» A Remembrance of Aliens Past

A Remembrance of Aliens Past

“Chapter 1. He adored New York City. He idolized it all out of proportion.”

Woody Allen, neurotically searching for his own opener in the best film he ever made.
“New York was his town, and it always would be.”

At this point, you’ve probably heard way too much about the city from University pamphlets. But New York City needs no introduction—it’s a melting pot whose spell is almost irresistible. And though it might seem banal to say so in an introduction to orientation, the city comes first—for ultimately it remains the one nonacademic common denominator between anyone reading this (Hi Mom). As Woody Allen might have known, New York’s your town, too.

The same goes for Columbia. I don’t have much straightforward advice for you, except: Try out some but not all of NSOP’s programs, don’t wait until senior year to go to an athletics event, and remember that this school is as much yours as anybody else’s. Oh, and make friends with the good folks at Hamilton Deli.

Now that you’re here, you might start worrying about how to add a few more brush strokes to the grand, perhaps oily portrait of your academic career. It can sometimes seem like you’re stuck in Butler Library while confident and driven peers step out and carpe the shit out of diem.

It’s 6:28 a.m. as of this writing, and those Columbia students will probably wake up in two minutes. They’ll open their GPA-crusted eyes and gaze at Low Library, its holier-than-thou steps glistening after the night’s rain, from which all but the most screwed student (sadly, usually GS) will have been well sheltered. They’ll mentally go over their busy day—the many brushes and colors they’ll need, the fellow painters and masters they’ll communicate with, some of whom they’ll learn from and some of whom they’ll ignore. It’s no easy task, faced with the pseudo-impressionistic, semi-narcissistic pastiche of a well-rounded Columbia education. They may worry their work is too constrained to one style. They may worry about their palette.

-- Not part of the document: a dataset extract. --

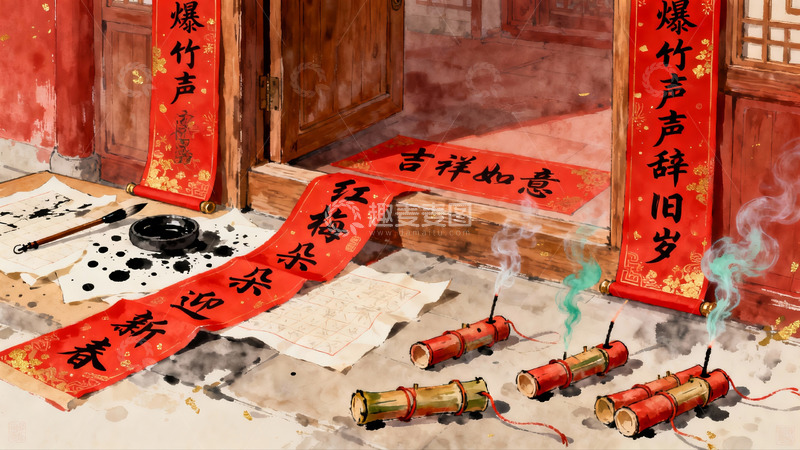 高清大图下载【趣麦麦图】传统新年门前爆竹与春联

For others, including me, it’s a (slightly) different story. At this hour we’ve just finished the next day’s homework in yet another hallucinatory nirvana of brain-damaged oblivion.

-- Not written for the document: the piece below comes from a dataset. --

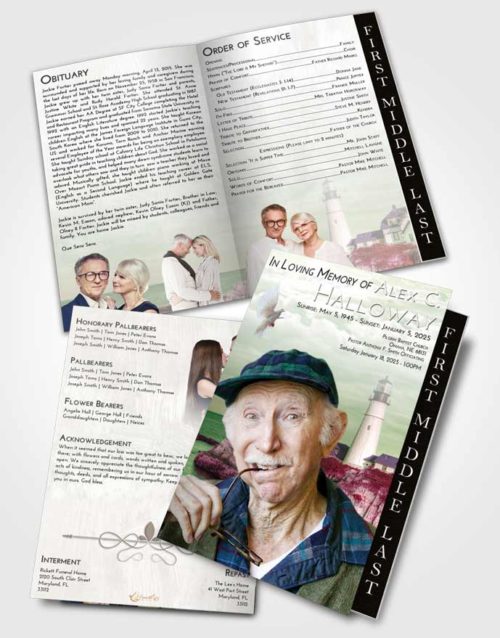 2 Page Graduated Step Fold Funeral Program Template Brochure Emerald Sunrise Lighthouse Journey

I remember when after one 72-hour sleepless bout with finals imminent, I sat shaking on the Sundial contemplating a philosophy exam. I looked on my shoulder and saw a small alien—pale, translucent green, with five or six legs—I can’t remember. White, beady eyes, staring into mine, unblinking and all-knowing. We sat there for what seemed like hours, my caffeine-rocked body swaying to the alien’s ease. Finally I glanced back at Butler Library and the ancient names etched across its mantle. When I looked back at my shoulder, the insect-alien was gone.

That little critter seemed so wise at the time. It’s one of those College Memories I won’t forget. You try to remember what you learned in class, you try to capture every moment and splash it on Facebook, and ultimately you remember hallucinations of aliens.

To lend this column some sense of purpose, clearly all that remains is to examine our University motto. Our motto—no simple crimson “Veritas,” but rather “In lumine tuo videbimus lumen.”

In Thy Light We Shall See the Light...this could mean “Attending elite institution equals ticket to heaven.” It could mean something else. Ultimately, though, you may decide for yourself where that light is and how to see it. Columbia can make you feel much older or much younger than your age—often because of how autonomous the school wants you to be, and because of the intellectual vitality of the place. With that vitality comes competition, angst, success, hangovers, lifelong friendships, loneliness, personal epiphanies, and world-changing discoveries. All can make for a memorable collage or landscape painting if you put your mind to it.

You can also eschew the borrowed metaphor entirely. Dave Barry may have put it best in a column he wrote in the guise of a graduation speech: “If you set your goals high, and you never, ever give up, I guarantee you that one day you will find yourself working for a huge impersonal corporation run by morons. Everybody does.”

It’s all up to you, of course. One thing for sure: Columbia’s motto does not rattle through the tired mind at 6:28 a.m., when you’ve parsed through all the truths and trash you can handle in one night and the cold and lucid dawn calls you to bed.